*** Block opens ***

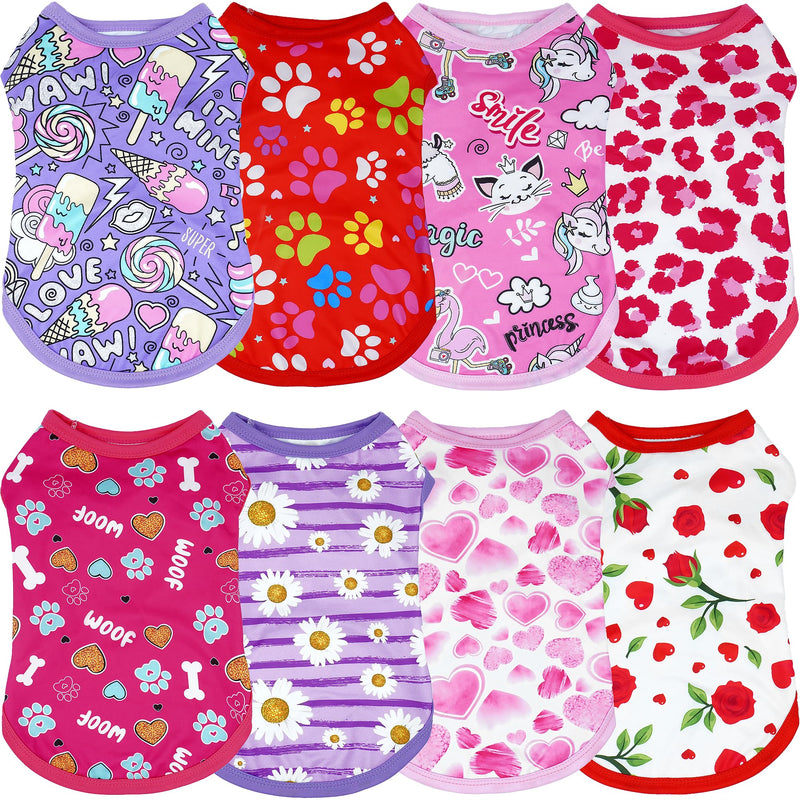 8PCS/Pack Dog Shirts Pink for XL Dog Girl Female Sleeveless Clothes T Shirts Tank Top Tee Vest X-Large Girl's Color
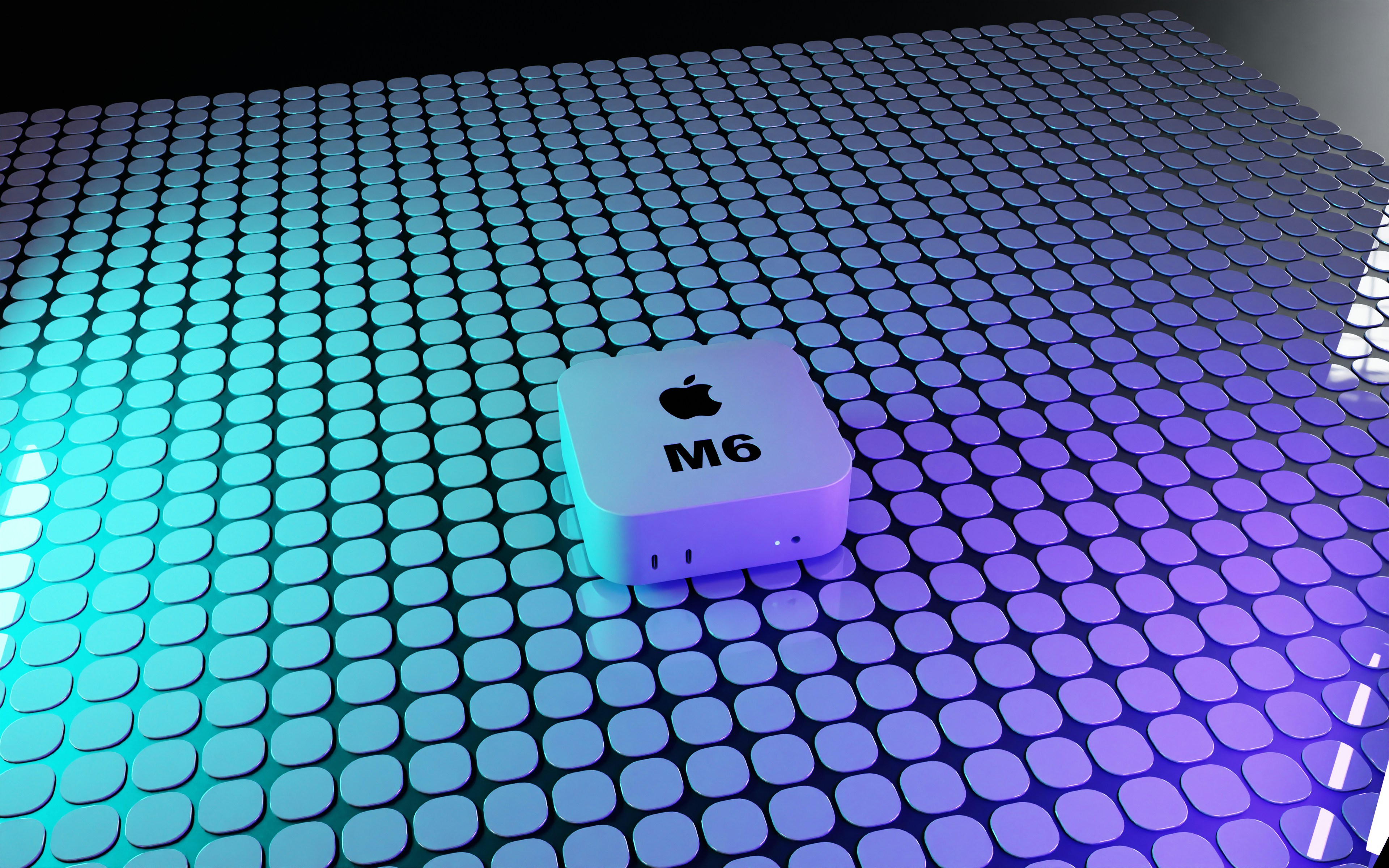 A white square device with an Apple logo on a grid of glowing blue tiles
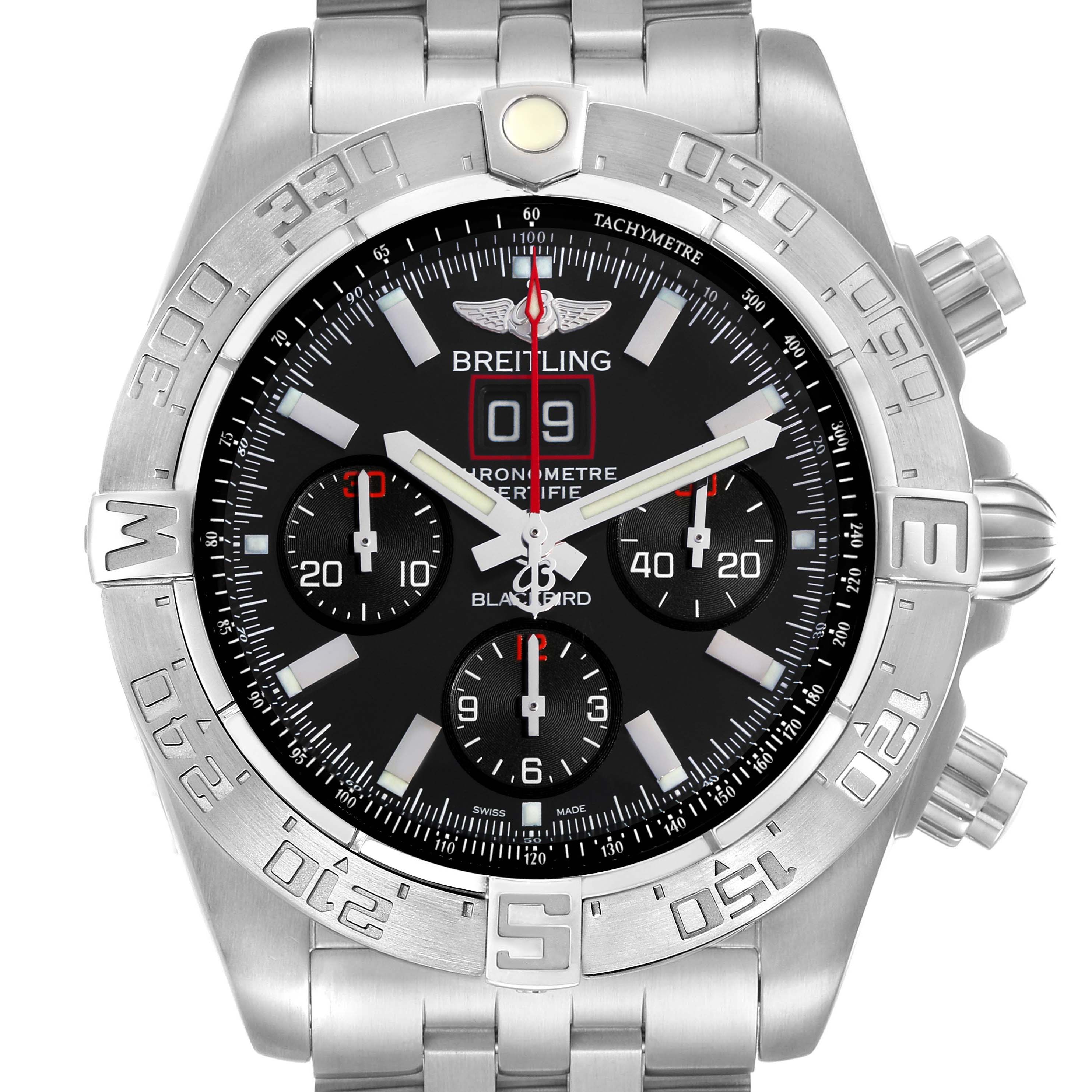 The Breitling Chronomat A44360 Men's Stainless Steel Black Dial watch is shown from the front, highlighting its bezel, sub-dials, and metal bracelet.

*** Block closes ***

--- WHAT IS REQUIRED ---
Return an exact copy of the data above, apart from any pictures.

--- RESULT OF THIS EXERCISE ---
 8PCS/Pack Dog Shirts Pink for XL Dog Girl Female Sleeveless Clothes T Shirts Tank Top Tee Vest X-Large Girl's Color
 A white square device with an Apple logo on a grid of glowing blue tiles
 The Breitling Chronomat A44360 Men's Stainless Steel Black Dial watch is shown from the front, highlighting its bezel, sub-dials, and metal bracelet.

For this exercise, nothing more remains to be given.